Dish Network subscribers will be able to run Google TV on that company’s existing set-top boxes. Everyone else will need a Google TV device or a TV with integrated Google TV. Google TV will not run on a Mac or PC—not even with one of those fancy new CableCARD tuners. Besides the fact that Google TV runs on the Android OS, the software requires hardware with an HDMI input so that it can overlay its graphical user interface on top of the TV signal.
“All Google TV devices include an HDMI input that allows us to blend traditional television content with that of the Internet,” says Google TV Product Manager Larry Yang. “Dish Network customers will have the full integration experience and will be able to access all of their DVR and video-on-demand content directly from the Google TV interface. Users without Dish will still have a seamless experience bringing the web and TV together in one easy-to-use, searchable experience.” According to Yang, this will also apply to consumers using over-the-air HDTV tuners.
So Google TV will really work with over-the-air broadcasts?
Google says it will, but Kevin Simon, director of product marketing for Logitech’s Digital Home Group, told us Logitech’s Revue device will not work with OTA tuners because they lack an electronic program guide. “You can use the browser and the applications,” says Simon, “but without an EPG, you won’t know what’s being broadcast.” What’s more, the vast majority of TVs don’t have HDMI outputs, so there’s no way to route a live TV signal through a Google TV set-top box.
How much will Google TV cost?
You’ll need to buy the hardware, of course, but it won’t cost anything extra to use Google TV. It’s easy to see the other players’ business models, but what does Google get out of Google TV?

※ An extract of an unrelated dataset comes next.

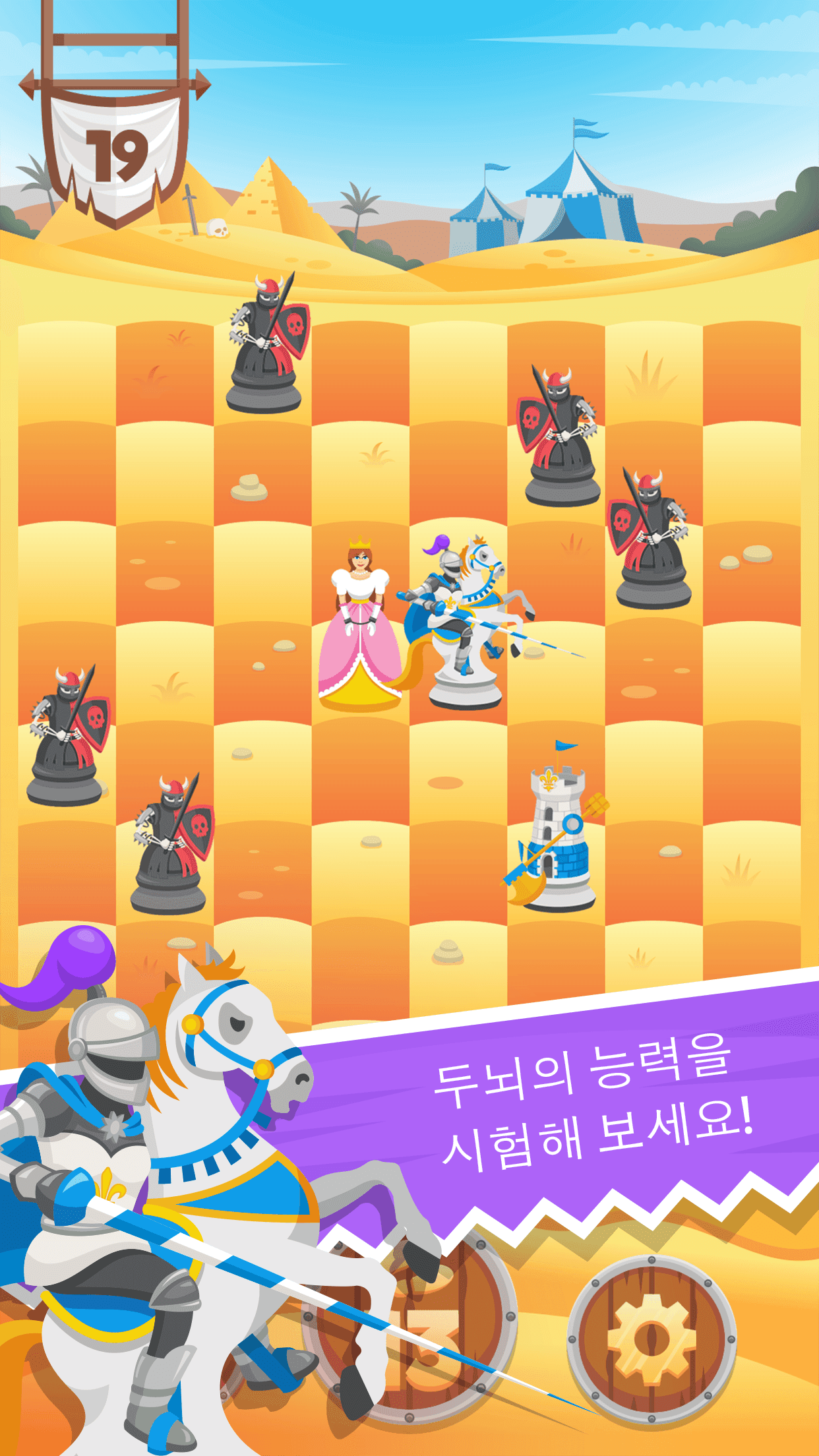 Knight Saves Queen 게임 스크린샷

“Google TV will be a free, open-source platform,” says Yang. “This is an opportunity for Google and many third-party developers to distribute existing content and services through a new category of devices. For example, users will now be able to easily access Google search, Google Maps, and YouTube.”
Yang says Google TV won’t be a platform for selling additional advertising—at least for now. “At this time, there are no advertising products directly integrated into Google TV,” says Yang. “Traditional advertising over broadcast TV, as well as online display ads, can be viewed as normal through Google TV, and will continue to function as before.”

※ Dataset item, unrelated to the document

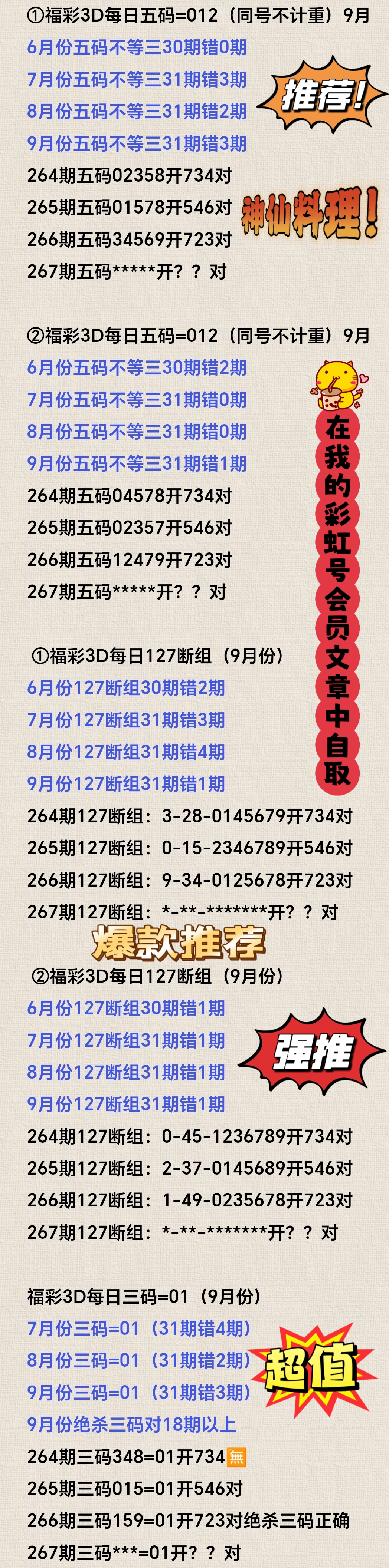 https://f.yddtiyu.com/info/1759888457443fbc29db1-8e05-4bf3-9653-d6cb6e449a30.jpg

Logitech and Sony have been exceedingly tight-lipped when it comes to discussing pricing for their Google TV products. Sony wouldn’t discuss the subject at all, but Logitech’s Simon did say there are no subscription fees tied to the Revue.
What can we expect from the Logitech Revue hardware?

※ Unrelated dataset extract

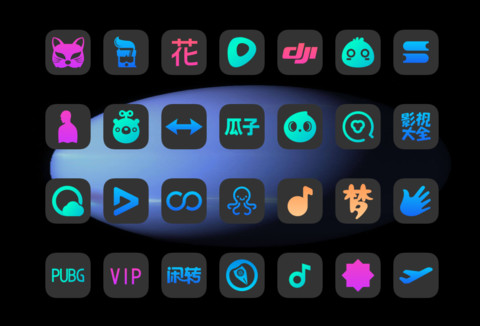 暗黑护眼 screenshot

Logitech demoed the Revue when Google TV was announced, but has been reticent to show the product to the press since then. Logitech’s Kevin Simon did, however, reveal a few key details during our conversation.
The box is based on Intel’s Atom CE4100 SoC, of course, but it will also incorporate Logitech’s Harmony Link engine and Unify receiver technology. Harmony Link will enable the Revue’s universal remote to control all the other devices in your entertainment center, and Unify enables the pairing of the remote and other controllers without the need to plug them into a USB port. The remote itself will have a touchpad and a full QWERTY keyboard.
Logitech’s Revue is based on Intel’s Atom CE4100 system-on-chip. It features an HDMI input and overlays Google TV’s user interface over live TV.
“Harmony Link enables the integration between the web and broadcast,” says Simon. “Imagine you’re searching for a TV show, such as Friday Night Lights. You’ll see a number of results pop up—some from the web and some from TV. If you select something that’s on TV right now, the channel on your set-top box will change to that channel.” Simon told us Logitech also plans to offer Android and iPhone apps that enable you to use those phones to control the Revue and the rest of the hardware in your entertainment center using your Wi-Fi network and infrared emitters (the Revue will have both a hard-wired Ethernet NIC and an integrated IEEE 802.11n adapter).
Logitech is also putting its Vid video chat software inside the Revue. Plug in a webcam and you’ll be able to make video calls to another Revue box or to any PC with a webcam. Throw in a smartphone or tablet with the right app, and Intel’s “poker night” concept becomes real.